How bad is sugar really? It is such the trend today, similar to gluten, to carefully avoid sugar in our diets. But in growing children, when the greatest concern is sustained positive growth, even in the picky years, I’ve always felt that some sugar is better than no protein. The zero calorie alternative sweeteners raise their own concerns, and even a product like stevia, which is derived from a plant may not be a perfect alternative to pure cane sugar, agave nectar or honey. Several studies have hypothesized that stevia may have mutagenic (or cancer-causing) effects. Furthermore, the FDA rejected stevia in the 1990s because of a study with stevia-fed mice that became infertile post-consumption. It is important to note that research on artificial sweeteners typically uses levels much greater than that which we would consume, and a lot of the negative data on stevia refers to the consumption of the unaltered, or crude, leaf. The highly purified form is what is available today, but in this case purified does equal processed. This illustrates one of the greatest truths of modern medicine, ‘derived from a plant’ doesn’t inherently mean safe.
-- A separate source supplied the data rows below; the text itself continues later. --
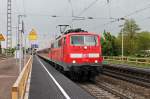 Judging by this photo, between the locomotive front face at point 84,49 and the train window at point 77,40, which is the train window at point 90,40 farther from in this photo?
the train window at point 77,40

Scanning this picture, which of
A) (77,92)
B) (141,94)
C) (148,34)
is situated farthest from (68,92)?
(148,34)

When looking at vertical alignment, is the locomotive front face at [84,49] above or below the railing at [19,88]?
above

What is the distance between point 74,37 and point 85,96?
1159 centimetres

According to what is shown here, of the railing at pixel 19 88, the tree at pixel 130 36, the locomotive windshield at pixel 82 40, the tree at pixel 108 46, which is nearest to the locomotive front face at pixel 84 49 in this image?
the locomotive windshield at pixel 82 40

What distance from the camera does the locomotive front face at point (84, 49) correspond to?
2594cm

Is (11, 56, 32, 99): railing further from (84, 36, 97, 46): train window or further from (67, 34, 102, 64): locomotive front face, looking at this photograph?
(84, 36, 97, 46): train window

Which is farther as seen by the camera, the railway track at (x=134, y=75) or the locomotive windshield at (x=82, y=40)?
the locomotive windshield at (x=82, y=40)

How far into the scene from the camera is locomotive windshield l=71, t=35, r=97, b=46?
26406mm

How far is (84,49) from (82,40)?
61cm

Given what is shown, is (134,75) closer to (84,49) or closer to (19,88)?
(84,49)

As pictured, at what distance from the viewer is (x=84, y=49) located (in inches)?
1034

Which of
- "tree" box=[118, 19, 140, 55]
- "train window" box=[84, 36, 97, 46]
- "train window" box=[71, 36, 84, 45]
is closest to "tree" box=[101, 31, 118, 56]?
"tree" box=[118, 19, 140, 55]

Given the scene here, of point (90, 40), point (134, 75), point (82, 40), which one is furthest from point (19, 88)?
point (134, 75)

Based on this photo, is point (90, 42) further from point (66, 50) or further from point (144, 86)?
point (144, 86) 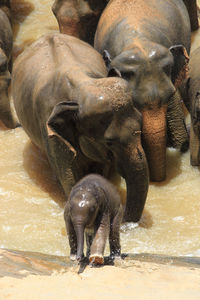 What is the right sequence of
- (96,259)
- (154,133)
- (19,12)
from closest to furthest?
(96,259) → (154,133) → (19,12)

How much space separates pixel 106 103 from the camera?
6.28 meters

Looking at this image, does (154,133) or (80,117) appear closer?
(80,117)

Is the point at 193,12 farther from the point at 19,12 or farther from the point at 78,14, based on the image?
the point at 19,12

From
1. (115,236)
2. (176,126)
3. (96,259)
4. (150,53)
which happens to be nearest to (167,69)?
(150,53)

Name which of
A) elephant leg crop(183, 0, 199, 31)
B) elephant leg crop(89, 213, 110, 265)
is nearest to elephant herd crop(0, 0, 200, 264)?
elephant leg crop(89, 213, 110, 265)

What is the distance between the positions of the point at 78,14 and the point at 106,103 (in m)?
3.88

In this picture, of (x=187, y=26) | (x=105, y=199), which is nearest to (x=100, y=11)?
(x=187, y=26)

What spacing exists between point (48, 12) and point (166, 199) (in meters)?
5.39

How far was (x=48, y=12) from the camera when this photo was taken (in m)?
12.1

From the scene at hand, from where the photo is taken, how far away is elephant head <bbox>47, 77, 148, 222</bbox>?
6301 millimetres

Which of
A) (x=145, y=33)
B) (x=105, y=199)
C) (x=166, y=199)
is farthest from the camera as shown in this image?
(x=145, y=33)

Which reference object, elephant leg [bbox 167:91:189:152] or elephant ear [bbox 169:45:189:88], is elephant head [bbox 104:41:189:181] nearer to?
elephant ear [bbox 169:45:189:88]

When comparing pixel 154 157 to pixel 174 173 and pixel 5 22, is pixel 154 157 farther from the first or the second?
pixel 5 22

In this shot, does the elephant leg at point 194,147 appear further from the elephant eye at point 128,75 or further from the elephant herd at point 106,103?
the elephant eye at point 128,75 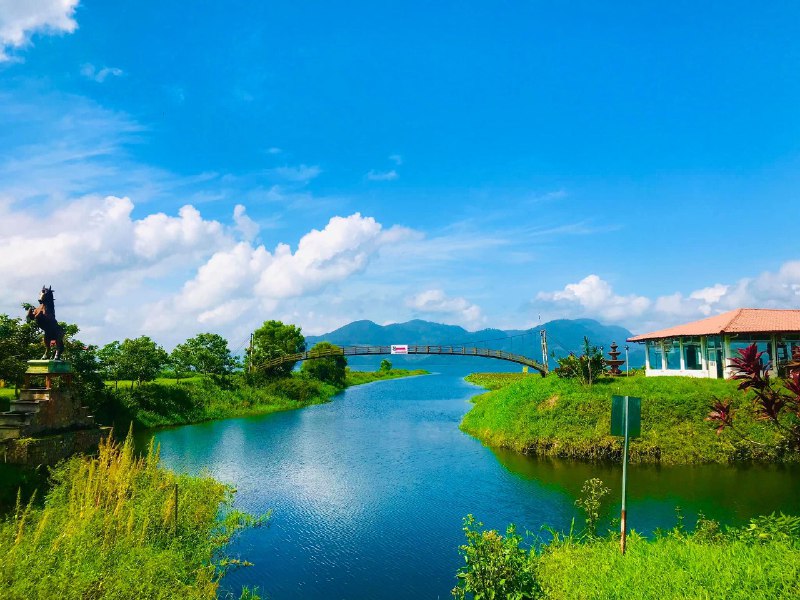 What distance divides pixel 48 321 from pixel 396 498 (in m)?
14.3

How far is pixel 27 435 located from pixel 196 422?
28933 millimetres

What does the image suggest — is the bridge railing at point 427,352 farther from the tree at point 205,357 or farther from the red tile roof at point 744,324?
the red tile roof at point 744,324

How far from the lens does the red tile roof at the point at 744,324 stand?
30.1 metres

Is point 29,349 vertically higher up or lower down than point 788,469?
higher up

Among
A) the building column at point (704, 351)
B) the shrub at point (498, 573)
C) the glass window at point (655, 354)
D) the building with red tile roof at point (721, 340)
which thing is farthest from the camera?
the glass window at point (655, 354)

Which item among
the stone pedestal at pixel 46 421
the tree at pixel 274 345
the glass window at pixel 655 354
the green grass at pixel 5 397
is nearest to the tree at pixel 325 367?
the tree at pixel 274 345

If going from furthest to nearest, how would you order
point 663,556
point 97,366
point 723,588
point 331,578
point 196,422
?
point 196,422, point 97,366, point 331,578, point 663,556, point 723,588

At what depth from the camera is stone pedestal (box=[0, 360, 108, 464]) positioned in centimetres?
1552

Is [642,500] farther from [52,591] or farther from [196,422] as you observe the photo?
[196,422]

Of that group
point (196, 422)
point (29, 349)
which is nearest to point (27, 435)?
point (29, 349)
The ill effects of sugar consumption are delineated in multiple studies – common themes include the negative impact of high blood sugar levels on immune system function; the resultant hyperactivity, impulsivity and inattention associated with sugar loading; as well as cardiovascular health implications and obesity.
Specifically, high levels of blood sugar reduce the white blood cells (disease fighting agents) ability to engulf and destroy bacteria, thus leaving the child more at risk of infection. The white blood cell’s inability to effectively fight disease is reduced for several hours after sugar ingestion, and thus is not just a transient effect.
‘Foods with a high sugar content stimulate the production of LPL (lipoprotein lipase), the enzymes that encourage the body to store food in fat cells. Thus, a low-fat diet that is rich in carbohydrates with a high glycemic index can actually cause weight gain’ – This explains the craze of low-carb or no-carb diets. Complex carbohydrates, however, are a very necessary component to a healthy and diverse pediatric diet, and contribute to sustained positive growth.
In some children with ADHD, blood sugar levels following a transient high dip to levels consistent with hypoglycemia, thus further potentiating abnormal behavior. Other kids are just more “sensitive” to sugar ingestion, albeit all kids are likely to experience a transient lack of inattention and hyperactivity following sugar ingestion, as we have all witnessed!
My greatest concern with copious ingestion of sugar containing foods, or simple carbohydrates, is that filling up on these foods will displace the consumption of healthy proteins, veggies and fruits. This is in fact true, but unfortunately, consuming lots of healthy foods, as well as lots of sugar-rich foods still sets kids up for a higher blood triglyceride level and a greater risk of poor cardiovascular health.
Sugar is definitively associated with ill effects, but it is my opinion, that completely avoiding sugar in our children’s diet is impractical. Similar to the ineffectiveness of trying to force our kids to eat, denying them any single food will only make that food more desirable.
- “Preschoolers with a daily caloric intake of 1,200 to 1,400 calories shouldn’t consume any more than 170 calories, or about 4 teaspoons, of added sugar a day.
- Children ages 4-8 with a daily caloric intake of 1,600 calories should consume no more than 130 calories, or about 3 teaspoons a day. (In order to accommodate all the nutritional requirements for this age group, there are fewer calories available for discretionary allowances like sugar.)
- As your child grows into his pre-teen and teen years, and the caloric range increases to 1,800 to 2,000 a day, the maximum amount of added sugar included in his/her daily diet should be 5 to 8 teaspoons.”
It makes sense to really look at labels and more importantly to minimize consumption of processed and pre-packaged foods. Sugar is not avoided entirely, but incorporated in sensible amounts into a diet that is diverse and nutrient-rich.